### Task to complete:
Give only the lines from the one containing "NYDJ Luchtige Bermuda" through the end of the material below, exactly as written.

### Excerpted records:
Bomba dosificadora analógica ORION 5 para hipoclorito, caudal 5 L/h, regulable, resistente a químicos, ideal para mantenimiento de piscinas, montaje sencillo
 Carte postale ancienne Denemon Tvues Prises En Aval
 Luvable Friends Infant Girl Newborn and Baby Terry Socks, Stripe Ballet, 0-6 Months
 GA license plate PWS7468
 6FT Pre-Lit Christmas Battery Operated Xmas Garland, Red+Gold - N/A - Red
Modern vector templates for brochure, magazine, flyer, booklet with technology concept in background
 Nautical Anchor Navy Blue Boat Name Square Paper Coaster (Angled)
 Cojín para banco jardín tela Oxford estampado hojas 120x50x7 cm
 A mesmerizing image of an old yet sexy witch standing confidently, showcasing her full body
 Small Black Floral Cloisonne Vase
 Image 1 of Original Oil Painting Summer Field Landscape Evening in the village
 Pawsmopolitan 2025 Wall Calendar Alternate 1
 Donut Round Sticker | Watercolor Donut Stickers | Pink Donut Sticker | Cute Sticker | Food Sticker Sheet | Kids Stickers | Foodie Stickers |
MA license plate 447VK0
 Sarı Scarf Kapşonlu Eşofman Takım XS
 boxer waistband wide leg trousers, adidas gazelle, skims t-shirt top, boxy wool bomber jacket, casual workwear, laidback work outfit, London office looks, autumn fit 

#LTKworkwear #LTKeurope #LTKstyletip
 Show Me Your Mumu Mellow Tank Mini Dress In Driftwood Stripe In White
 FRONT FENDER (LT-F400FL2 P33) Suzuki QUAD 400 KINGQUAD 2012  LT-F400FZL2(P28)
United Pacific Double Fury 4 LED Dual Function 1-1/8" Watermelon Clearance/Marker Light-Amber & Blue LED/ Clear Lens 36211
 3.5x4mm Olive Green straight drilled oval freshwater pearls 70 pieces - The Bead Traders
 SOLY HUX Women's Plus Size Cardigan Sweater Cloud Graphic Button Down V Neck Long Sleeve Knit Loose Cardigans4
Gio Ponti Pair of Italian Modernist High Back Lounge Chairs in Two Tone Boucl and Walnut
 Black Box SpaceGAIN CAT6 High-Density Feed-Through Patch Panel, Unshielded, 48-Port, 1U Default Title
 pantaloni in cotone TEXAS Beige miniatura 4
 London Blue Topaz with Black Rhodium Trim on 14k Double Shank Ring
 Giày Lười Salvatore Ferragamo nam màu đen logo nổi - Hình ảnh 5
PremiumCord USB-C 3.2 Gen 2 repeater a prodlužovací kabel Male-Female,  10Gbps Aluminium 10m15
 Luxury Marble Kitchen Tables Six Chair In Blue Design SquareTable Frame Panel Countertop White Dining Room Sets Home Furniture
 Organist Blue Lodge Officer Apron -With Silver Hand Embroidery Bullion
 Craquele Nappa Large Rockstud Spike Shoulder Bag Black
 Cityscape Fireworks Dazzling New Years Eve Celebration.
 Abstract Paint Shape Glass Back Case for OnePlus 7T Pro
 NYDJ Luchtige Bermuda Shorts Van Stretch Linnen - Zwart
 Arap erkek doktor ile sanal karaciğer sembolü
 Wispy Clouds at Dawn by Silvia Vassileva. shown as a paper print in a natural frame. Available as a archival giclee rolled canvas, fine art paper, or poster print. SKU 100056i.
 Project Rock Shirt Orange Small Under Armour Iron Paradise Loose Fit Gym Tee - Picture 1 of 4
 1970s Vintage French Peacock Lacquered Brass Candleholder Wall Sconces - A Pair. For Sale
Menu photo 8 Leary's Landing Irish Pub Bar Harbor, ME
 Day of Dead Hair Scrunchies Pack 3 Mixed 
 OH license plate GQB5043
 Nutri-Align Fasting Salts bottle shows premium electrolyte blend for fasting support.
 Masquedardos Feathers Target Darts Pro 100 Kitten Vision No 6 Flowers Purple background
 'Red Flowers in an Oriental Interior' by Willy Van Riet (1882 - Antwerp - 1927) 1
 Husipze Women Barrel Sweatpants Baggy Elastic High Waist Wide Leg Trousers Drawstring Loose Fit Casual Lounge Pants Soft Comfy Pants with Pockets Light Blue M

### Your response:
 NYDJ Luchtige Bermuda Shorts Van Stretch Linnen - Zwart
 Arap erkek doktor ile sanal karaciğer sembolü
 Wispy Clouds at Dawn by Silvia Vassileva. shown as a paper print in a natural frame. Available as a archival giclee rolled canvas, fine art paper, or poster print. SKU 100056i.
 Project Rock Shirt Orange Small Under Armour Iron Paradise Loose Fit Gym Tee - Picture 1 of 4
 1970s Vintage French Peacock Lacquered Brass Candleholder Wall Sconces - A Pair. For Sale
Menu photo 8 Leary's Landing Irish Pub Bar Harbor, ME
 Day of Dead Hair Scrunchies Pack 3 Mixed 
 OH license plate GQB5043
 Nutri-Align Fasting Salts bottle shows premium electrolyte blend for fasting support.
 Masquedardos Feathers Target Darts Pro 100 Kitten Vision No 6 Flowers Purple background
 'Red Flowers in an Oriental Interior' by Willy Van Riet (1882 - Antwerp - 1927) 1
 Husipze Women Barrel Sweatpants Baggy Elastic High Waist Wide Leg Trousers Drawstring Loose Fit Casual Lounge Pants Soft Comfy Pants with Pockets Light Blue M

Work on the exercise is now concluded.